Alih-alih menggunakan semua bahan modern untuk permadani, Jean Lursa memutuskan untuk menggunakan sekolah tua tradisional. Dia tidak memilih di antara 3000 warna yang tersedia, tetapi hanya menggunakan 44 warna yang bisa ada di abad XIV. Hobinya didukung oleh puluhan asisten, termasuk mantan istrinya Martha.

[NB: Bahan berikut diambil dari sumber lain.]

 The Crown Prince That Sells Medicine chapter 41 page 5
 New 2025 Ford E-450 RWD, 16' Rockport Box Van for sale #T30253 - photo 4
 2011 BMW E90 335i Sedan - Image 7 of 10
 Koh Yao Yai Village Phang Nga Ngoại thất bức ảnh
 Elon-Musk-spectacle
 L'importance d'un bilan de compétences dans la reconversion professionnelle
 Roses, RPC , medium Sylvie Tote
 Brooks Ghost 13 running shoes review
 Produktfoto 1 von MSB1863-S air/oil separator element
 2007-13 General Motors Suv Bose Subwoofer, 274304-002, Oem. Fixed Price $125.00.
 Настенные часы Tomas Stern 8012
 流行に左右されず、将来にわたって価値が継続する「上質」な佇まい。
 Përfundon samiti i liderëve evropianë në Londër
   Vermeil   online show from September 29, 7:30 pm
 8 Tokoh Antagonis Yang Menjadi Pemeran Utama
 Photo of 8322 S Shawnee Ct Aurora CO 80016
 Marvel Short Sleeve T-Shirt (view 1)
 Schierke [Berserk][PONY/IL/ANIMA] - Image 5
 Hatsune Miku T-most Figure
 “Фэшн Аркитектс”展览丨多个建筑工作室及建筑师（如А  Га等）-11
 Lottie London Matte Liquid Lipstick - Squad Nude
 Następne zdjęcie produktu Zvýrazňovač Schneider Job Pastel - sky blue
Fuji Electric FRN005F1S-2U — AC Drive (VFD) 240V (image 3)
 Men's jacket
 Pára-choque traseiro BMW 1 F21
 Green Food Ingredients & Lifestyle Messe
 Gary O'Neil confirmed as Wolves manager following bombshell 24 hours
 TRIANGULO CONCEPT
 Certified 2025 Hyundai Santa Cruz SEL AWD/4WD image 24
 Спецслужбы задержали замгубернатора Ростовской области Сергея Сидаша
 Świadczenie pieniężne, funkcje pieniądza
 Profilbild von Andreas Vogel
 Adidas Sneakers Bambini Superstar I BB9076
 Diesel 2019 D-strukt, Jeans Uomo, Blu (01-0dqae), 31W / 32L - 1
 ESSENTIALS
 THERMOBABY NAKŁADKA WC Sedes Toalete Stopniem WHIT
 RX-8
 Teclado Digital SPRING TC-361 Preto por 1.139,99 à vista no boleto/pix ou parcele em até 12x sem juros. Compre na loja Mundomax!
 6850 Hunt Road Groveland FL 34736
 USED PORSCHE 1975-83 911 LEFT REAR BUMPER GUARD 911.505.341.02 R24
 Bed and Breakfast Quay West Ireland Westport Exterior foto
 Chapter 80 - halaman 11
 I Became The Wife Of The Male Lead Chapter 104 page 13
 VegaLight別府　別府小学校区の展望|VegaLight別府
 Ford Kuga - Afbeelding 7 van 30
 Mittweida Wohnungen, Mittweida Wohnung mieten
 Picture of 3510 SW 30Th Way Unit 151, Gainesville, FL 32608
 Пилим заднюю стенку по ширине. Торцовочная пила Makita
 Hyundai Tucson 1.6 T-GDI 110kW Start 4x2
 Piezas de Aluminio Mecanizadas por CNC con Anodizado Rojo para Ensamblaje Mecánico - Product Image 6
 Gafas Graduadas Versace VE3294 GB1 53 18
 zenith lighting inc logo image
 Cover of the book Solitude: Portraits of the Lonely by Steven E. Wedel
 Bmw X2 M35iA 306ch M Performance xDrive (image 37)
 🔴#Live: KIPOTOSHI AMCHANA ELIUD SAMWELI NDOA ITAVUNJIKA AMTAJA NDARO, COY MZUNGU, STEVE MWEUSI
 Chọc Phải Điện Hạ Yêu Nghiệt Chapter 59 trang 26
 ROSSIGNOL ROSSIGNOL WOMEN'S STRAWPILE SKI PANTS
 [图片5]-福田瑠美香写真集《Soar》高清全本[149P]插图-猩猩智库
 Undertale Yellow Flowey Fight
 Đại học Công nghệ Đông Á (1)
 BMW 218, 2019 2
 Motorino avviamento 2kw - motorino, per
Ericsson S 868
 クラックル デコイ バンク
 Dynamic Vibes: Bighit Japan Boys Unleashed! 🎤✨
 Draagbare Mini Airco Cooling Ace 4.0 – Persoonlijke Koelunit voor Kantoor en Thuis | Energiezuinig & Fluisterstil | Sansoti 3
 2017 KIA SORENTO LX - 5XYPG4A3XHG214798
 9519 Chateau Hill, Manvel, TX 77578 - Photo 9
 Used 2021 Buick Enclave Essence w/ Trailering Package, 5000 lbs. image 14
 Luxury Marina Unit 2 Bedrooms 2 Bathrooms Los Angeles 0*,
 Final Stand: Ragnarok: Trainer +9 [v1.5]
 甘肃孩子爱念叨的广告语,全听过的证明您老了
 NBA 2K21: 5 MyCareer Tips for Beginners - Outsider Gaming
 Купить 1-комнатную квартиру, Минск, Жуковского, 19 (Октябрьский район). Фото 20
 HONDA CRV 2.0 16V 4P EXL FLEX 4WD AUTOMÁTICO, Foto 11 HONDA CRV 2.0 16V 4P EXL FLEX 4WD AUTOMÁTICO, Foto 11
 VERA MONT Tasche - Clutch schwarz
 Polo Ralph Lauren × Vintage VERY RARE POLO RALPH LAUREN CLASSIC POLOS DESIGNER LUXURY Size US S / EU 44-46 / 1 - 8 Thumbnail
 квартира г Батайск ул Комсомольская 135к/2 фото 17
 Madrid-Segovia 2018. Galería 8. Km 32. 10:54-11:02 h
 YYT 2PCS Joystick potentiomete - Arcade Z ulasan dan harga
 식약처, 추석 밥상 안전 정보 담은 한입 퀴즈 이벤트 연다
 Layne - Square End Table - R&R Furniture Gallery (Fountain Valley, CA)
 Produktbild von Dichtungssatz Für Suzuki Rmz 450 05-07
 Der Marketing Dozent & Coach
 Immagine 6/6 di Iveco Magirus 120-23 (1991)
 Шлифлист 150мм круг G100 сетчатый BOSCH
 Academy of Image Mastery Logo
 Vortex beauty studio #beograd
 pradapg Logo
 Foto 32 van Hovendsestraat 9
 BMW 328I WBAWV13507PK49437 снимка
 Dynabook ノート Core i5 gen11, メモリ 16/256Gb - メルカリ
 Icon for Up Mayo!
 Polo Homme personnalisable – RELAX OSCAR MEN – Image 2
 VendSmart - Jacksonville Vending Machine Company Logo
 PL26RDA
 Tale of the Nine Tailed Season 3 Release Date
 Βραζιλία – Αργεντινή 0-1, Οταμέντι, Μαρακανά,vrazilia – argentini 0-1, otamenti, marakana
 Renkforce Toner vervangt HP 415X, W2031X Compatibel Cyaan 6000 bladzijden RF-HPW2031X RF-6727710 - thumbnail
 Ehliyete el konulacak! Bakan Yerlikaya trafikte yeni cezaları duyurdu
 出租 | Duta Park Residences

Bagaimana permadani dibuat
Bagaimana permadani dibuat

Ketika sang seniman melihat permadani abad pertengahan "Apocalypse" di Angers pada tahun 1938 - salah satu permadani terbesar di dunia dengan ketinggian lebih dari 100 meter - dia dikejutkan oleh gambar-gambar yang jelas tentang kemuliaan dan kekerasan, yang mengingatkannya pada apa yang dialami Jean sendiri. selama Perang. 19 tahun kemudian, Lursa memutuskan untuk membuat siklus 10 permadani untuk menghormati "Apocalypse" yang disebut "The Song of Peace" (Le Chant du Monde). Hari ini, koleksi ini dipajang di museum yang sama di Angers sebagai karya epik abad pertengahan.

Image
Image

Song of Peace memiliki panjang total 80 meter, dan butuh lebih dari 10 tahun untuk membuat siklus ini. Bahkan, belum selesai ketika Lursa meninggal pada tahun 1966 dan istrinya Simone menyelesaikan proyek ini bersama tim Lursa. "Anda dapat melihat semuanya dalam karya ini," kata juru bicara Museum Permadani Angers. - Perang Dunia Pertama dan Kedua. Optimisme. Kejayaan. Sampanye. Puisi. Kematian. Ini adalah penghargaan untuk dunia lama dan kisah instruktif untuk generasi mendatang."